Required action>
From the line that contains "Feuer im Lokschuppen" down to the last line of the entries, repeat every line exactly. Do not carry over the pictures.

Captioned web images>
>>>

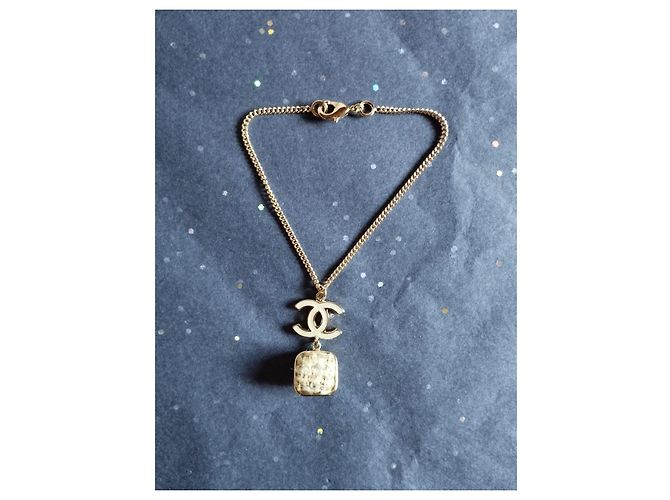 Chanel CC Armband mit Tweed-Medaillon Aus weiß - Ansicht 6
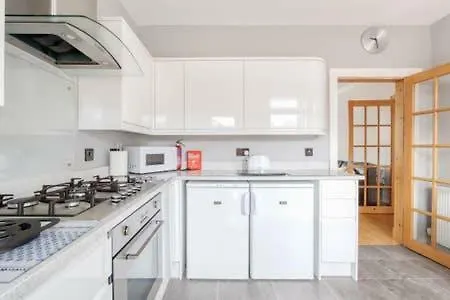 Crewe Apartment - 2 Bed, Free Off Street Parking And Private Garden Edinburgh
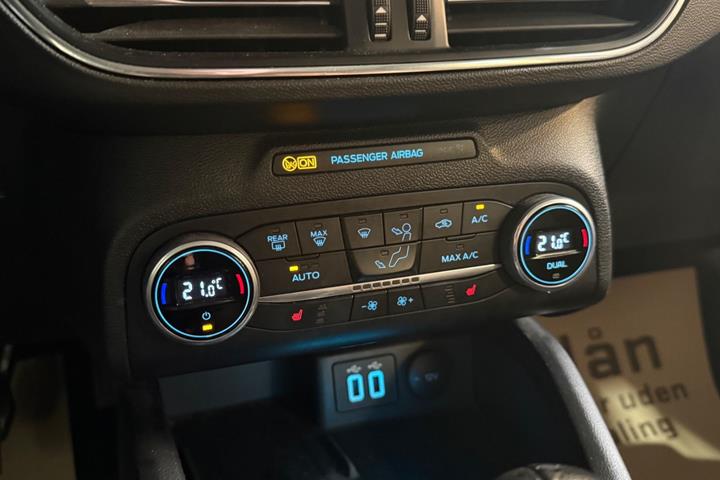 Grå Ford Focus fra 2021
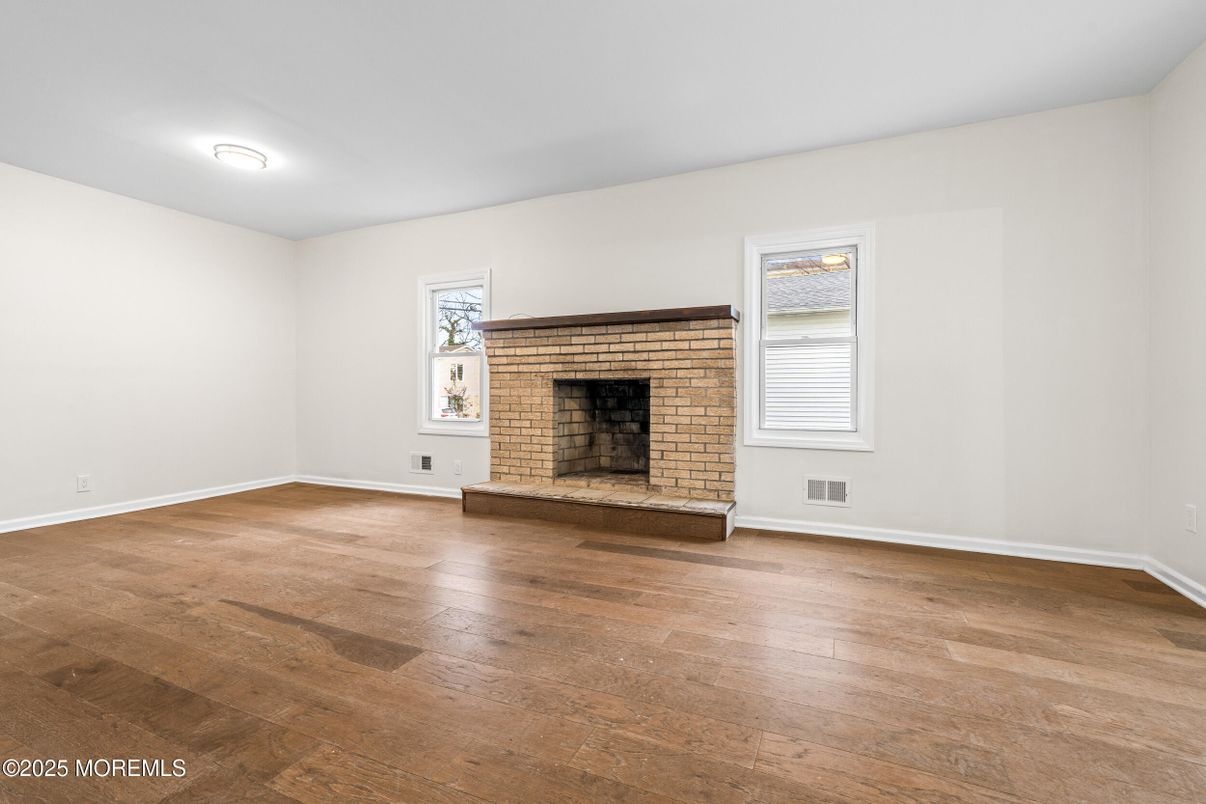 Empty room, Fireplace, Interior, Wood Texture Flooring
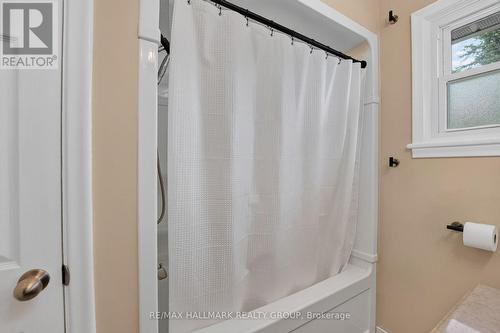 987 Neville Street, Ottawa, ON 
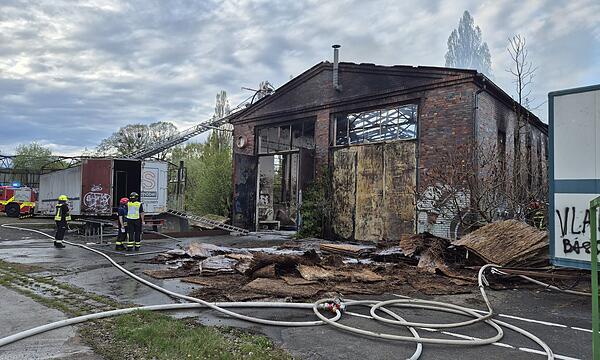 Feuer im Lokschuppen Coburg: Großer Brand am Güterbahnhof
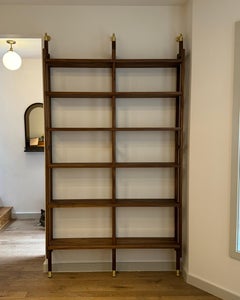 Libreria in noce con ferramenta in ottone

<<<

Exercise response>
 Feuer im Lokschuppen Coburg: Großer Brand am Güterbahnhof
 Libreria in noce con ferramenta in ottone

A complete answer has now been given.